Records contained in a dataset
----

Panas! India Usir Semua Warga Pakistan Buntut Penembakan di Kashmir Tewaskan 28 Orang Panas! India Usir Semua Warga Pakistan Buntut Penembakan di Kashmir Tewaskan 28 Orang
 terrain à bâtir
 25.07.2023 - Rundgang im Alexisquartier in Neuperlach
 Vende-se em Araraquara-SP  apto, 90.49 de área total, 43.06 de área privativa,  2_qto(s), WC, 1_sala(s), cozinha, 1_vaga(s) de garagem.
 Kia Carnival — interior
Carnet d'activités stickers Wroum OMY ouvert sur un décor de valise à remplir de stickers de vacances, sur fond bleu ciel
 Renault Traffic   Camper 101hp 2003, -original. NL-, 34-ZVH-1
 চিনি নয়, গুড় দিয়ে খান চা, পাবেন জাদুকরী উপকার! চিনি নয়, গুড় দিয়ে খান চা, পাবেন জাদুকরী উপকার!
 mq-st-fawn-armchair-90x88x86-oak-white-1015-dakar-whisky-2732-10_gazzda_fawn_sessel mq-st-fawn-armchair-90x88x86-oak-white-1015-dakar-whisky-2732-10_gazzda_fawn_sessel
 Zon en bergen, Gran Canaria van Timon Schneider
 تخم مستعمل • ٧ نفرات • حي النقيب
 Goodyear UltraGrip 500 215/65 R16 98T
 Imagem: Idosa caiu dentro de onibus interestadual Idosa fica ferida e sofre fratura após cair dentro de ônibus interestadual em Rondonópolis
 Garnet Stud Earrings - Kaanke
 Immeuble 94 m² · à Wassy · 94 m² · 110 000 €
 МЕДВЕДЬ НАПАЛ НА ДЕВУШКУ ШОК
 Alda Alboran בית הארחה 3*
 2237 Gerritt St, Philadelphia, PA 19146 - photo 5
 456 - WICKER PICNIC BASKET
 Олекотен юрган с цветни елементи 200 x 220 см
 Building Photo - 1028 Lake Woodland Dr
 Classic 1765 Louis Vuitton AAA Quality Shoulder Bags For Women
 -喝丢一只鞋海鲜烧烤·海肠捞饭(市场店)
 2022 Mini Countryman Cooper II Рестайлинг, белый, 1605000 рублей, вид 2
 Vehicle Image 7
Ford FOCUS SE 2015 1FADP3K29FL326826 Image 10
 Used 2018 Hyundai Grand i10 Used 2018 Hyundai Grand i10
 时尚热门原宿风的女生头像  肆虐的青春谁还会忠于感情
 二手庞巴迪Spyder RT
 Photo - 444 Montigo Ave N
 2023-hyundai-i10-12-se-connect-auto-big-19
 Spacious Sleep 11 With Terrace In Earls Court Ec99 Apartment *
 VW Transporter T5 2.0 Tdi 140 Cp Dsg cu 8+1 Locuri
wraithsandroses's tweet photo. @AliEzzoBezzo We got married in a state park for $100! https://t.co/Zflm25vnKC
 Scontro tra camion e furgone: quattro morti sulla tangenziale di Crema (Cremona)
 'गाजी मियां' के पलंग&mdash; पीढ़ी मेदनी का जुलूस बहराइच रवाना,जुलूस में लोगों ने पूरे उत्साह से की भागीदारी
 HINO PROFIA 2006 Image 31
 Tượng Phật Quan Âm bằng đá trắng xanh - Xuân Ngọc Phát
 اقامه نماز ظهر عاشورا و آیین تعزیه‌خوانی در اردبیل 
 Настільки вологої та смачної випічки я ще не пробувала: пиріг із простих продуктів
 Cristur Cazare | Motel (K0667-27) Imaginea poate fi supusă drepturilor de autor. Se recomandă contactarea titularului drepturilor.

----

TASK
When the line with "Garnet Stud Earrings - Kaanke" is reached in the data above, start copying there, and copy each line exactly until the line with "Building Photo - 1028 Lake Woodland Dr" has been copied; copy nothing else.

OUTPUT OF THE TASK
 Garnet Stud Earrings - Kaanke
 Immeuble 94 m² · à Wassy · 94 m² · 110 000 €
 МЕДВЕДЬ НАПАЛ НА ДЕВУШКУ ШОК
 Alda Alboran בית הארחה 3*
 2237 Gerritt St, Philadelphia, PA 19146 - photo 5
 456 - WICKER PICNIC BASKET
 Олекотен юрган с цветни елементи 200 x 220 см
 Building Photo - 1028 Lake Woodland Dr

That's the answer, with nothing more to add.